Regular expressions are not a good idea for matching HTML unless it's very simple, single, tag matching. See here: RegEx match open tags except XHTML self-contained tags
I recommend using an HTML DOM-parsing library and use XPath or CSS selectors to get the information you want. For .NET, HtmlAgilityPack is recommended. For CSS Selectors you'll want Fizzler (an add-on for HtmlAgilityPack).

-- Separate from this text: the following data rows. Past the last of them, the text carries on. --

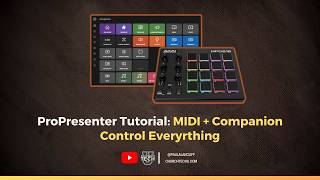 ProPresenter Tutorial: How to Control Companion with MIDI (Mac and Windows)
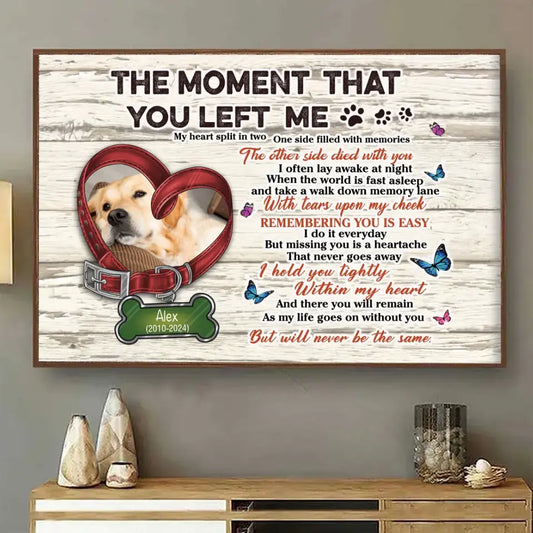 Benutzerdefinierte personalisierte Memorial-Haustierhalsband-Leinwand – Foto hochladen – Memorial-Geschenkidee für Hunde-/Katzenliebhaber – Der Moment, in dem Sie mich verlassen haben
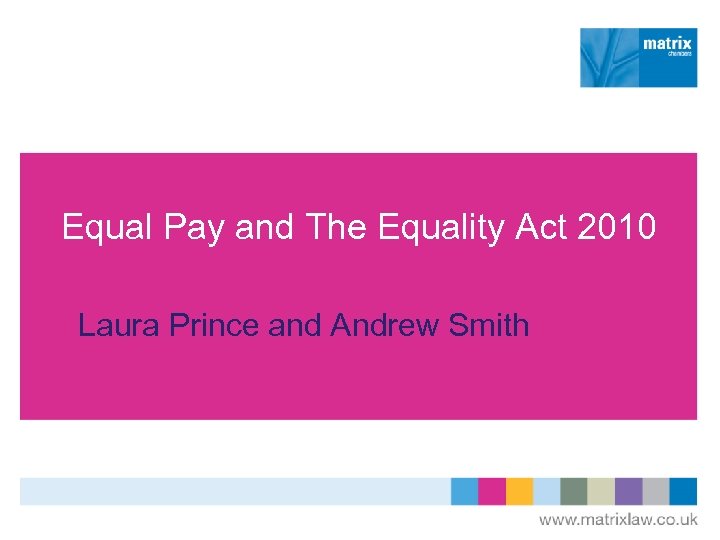 Equal Pay and The Equality Act 2010 Laura Prince and Andrew Smith 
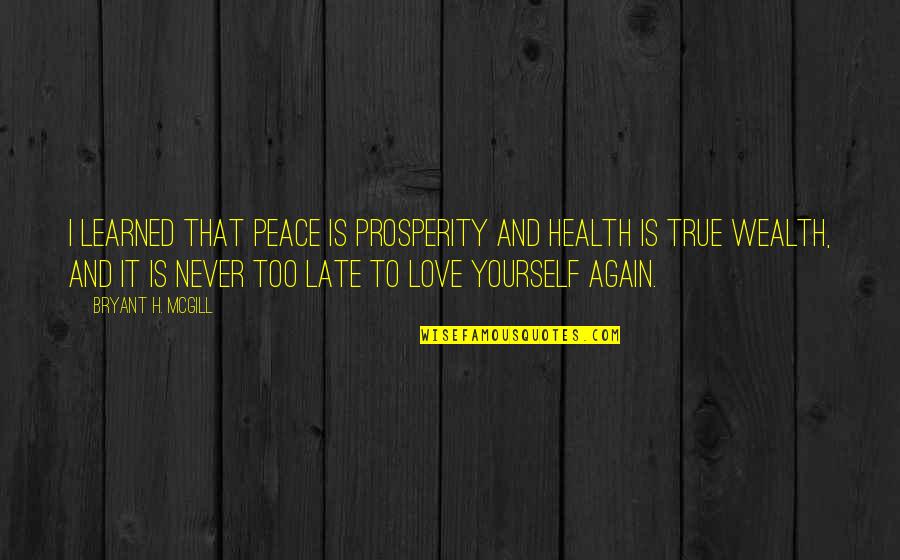 Too Late In Love Quotes By Bryant H. McGill: I learned that peace is prosperity and health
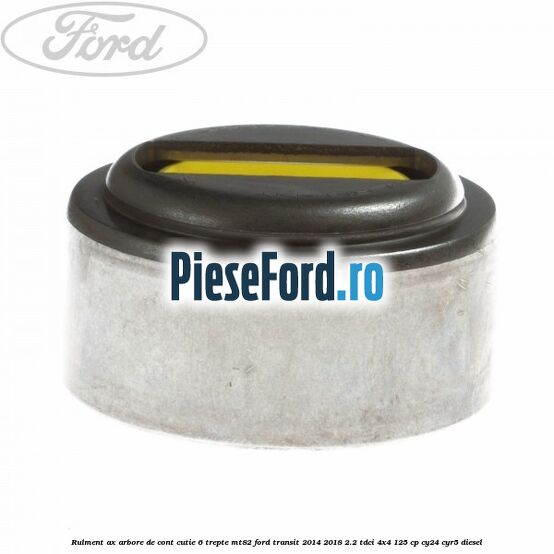 Rulment ax arbore de cont cutie 6 trepte MT82 Ford Transit 2014-2018 2.2 TDCi 4x4 125 cp Rulment ax arbore de cont cutie 6 trepte MT82 Ford Transit 2014-2018 2.2 TDCi 4x4 125 cp CY24, CYR5 diesel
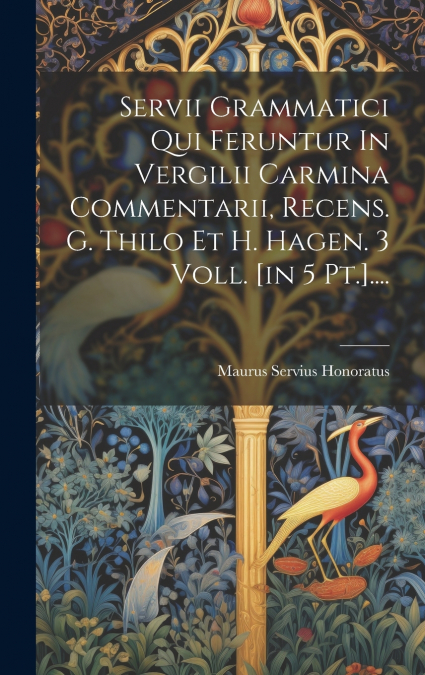 Servii Grammatici Qui Feruntur In Vergilii Carmina Commentarii, Recens. G. Thilo Et H. Hagen. 3 Voll. [in 5 Pt.]....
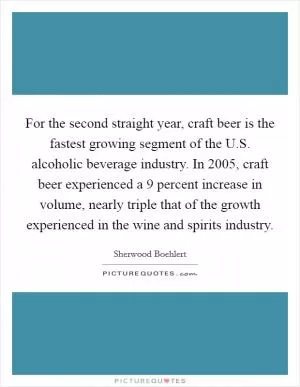 For the second straight year, craft beer is the fastest growing segment of the U.S. alcoholic beverage industry. In 2005, craft beer experienced a 9 percent increase in volume, nearly triple that of the growth experienced in the wine and spirits industry Picture Quote #1
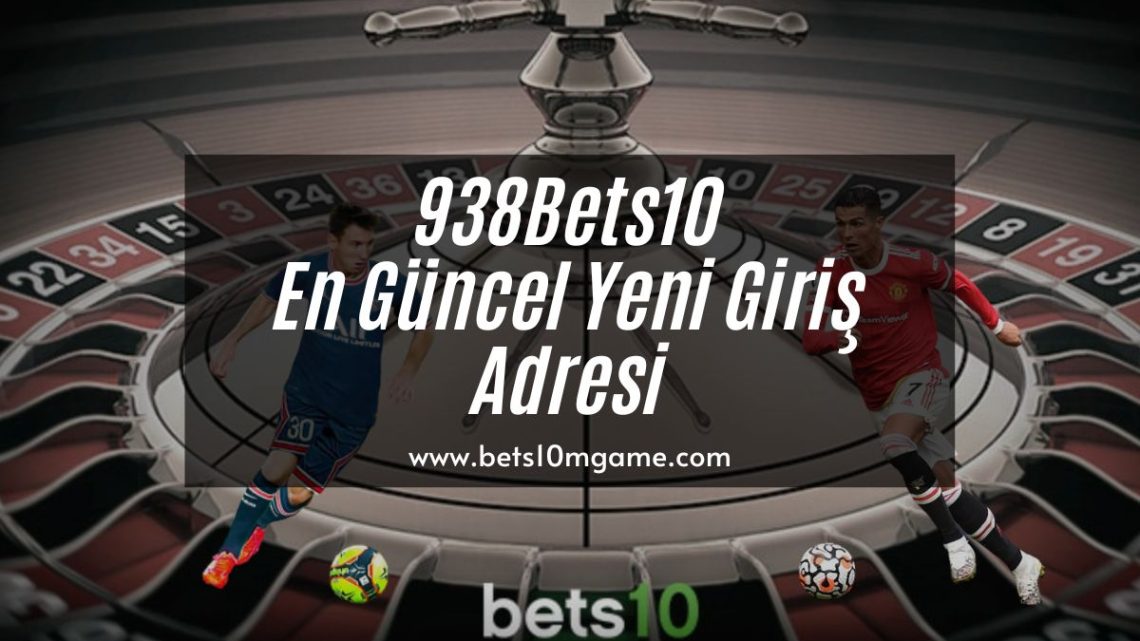 938Bets10 En Güncel Yeni Giriş Adresi 938Bets10 En Güncel Yeni Giriş Adresi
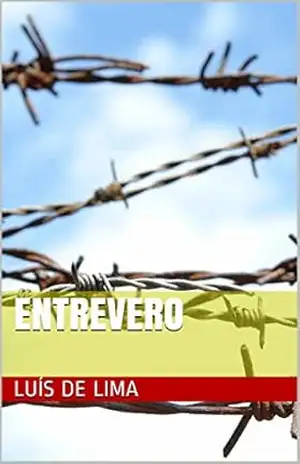 ENTREVERO – Luís de Lima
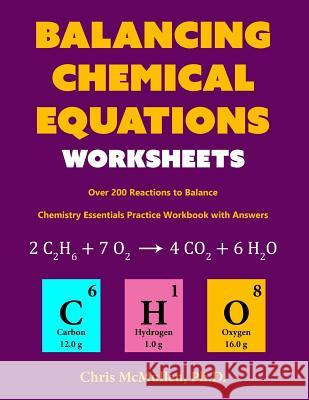 Balancing Chemical Equations Worksheets (Over 200 Reactions to Balance): Chemistry Essentials Practice Workbook with Answers Chris McMullen 9781941691076 Zishka Publishing
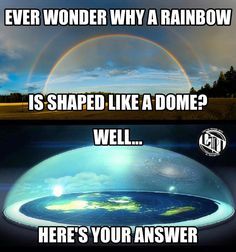 flat earth proof memes - Ever Wonder Why A Rainbow Is Shaped A Dome? Well... Here'S Your Answer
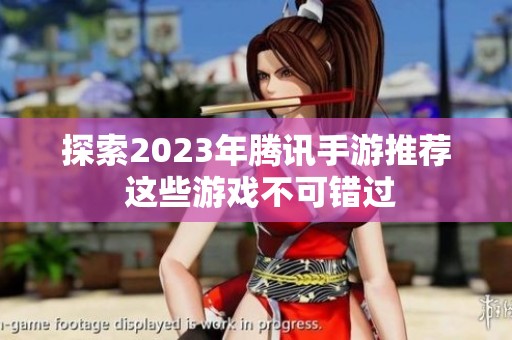 探索2023年腾讯手游推荐 这些游戏不可错过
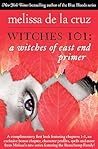 Witches 101 by Melissa de la Cruz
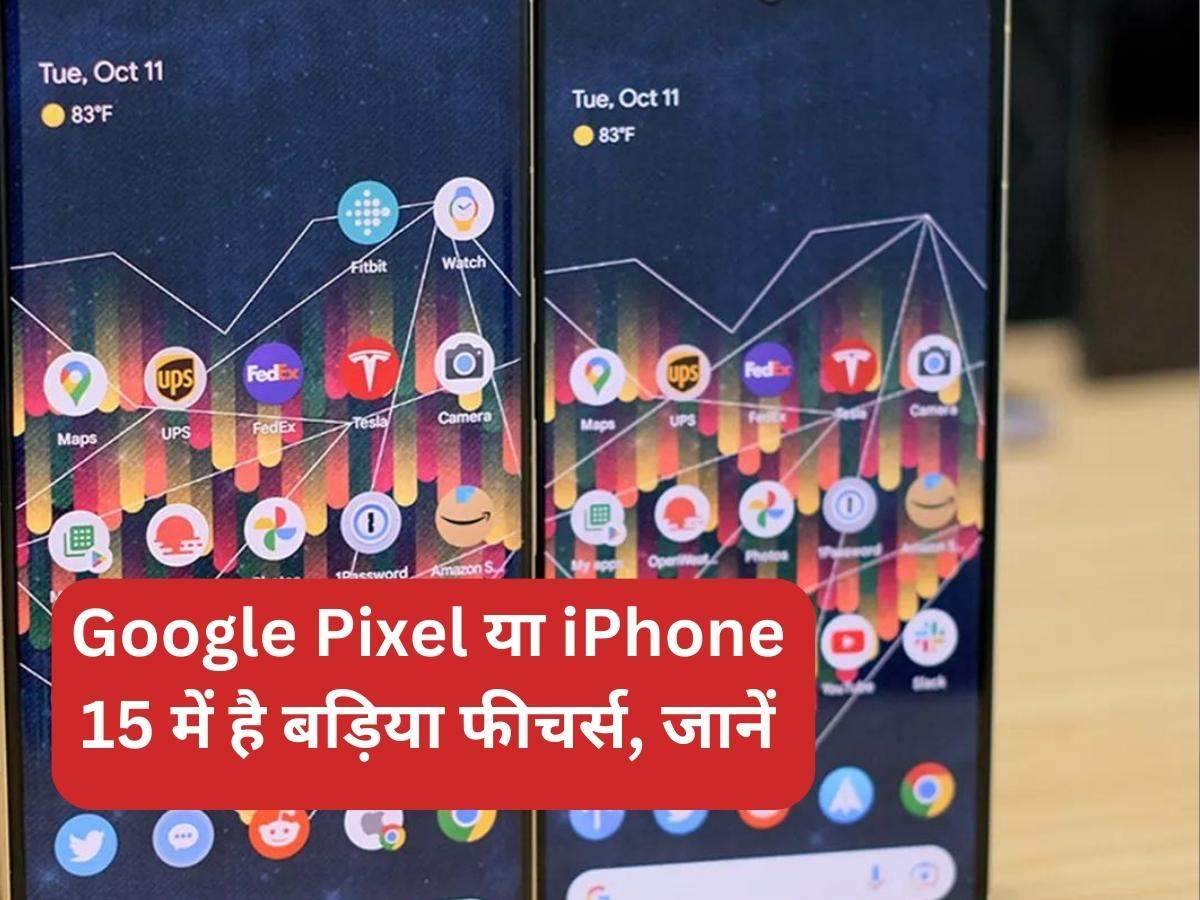 Google Pixel या iPhone 15 में है बड़िया फीचर्स, जानें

In JavaScript (easily rewritten to C# and HtmlAgilityPack) it would be this:
document.querySelector(
"section[class=profile-header][profile=true][user=User]"
).textContent
HtmlAgilityPack: http://html-agility-pack.net
Fizzler: https://www.nuget.org/packages/Fizzler.Systems.HtmlAgilityPack/
Generally for parsing HTML, Regex is not a good choice! HTML tends to be so complicated and it is so hard to write a single Regex to be able to match everything! Instead use a parser like Html Agility Pack.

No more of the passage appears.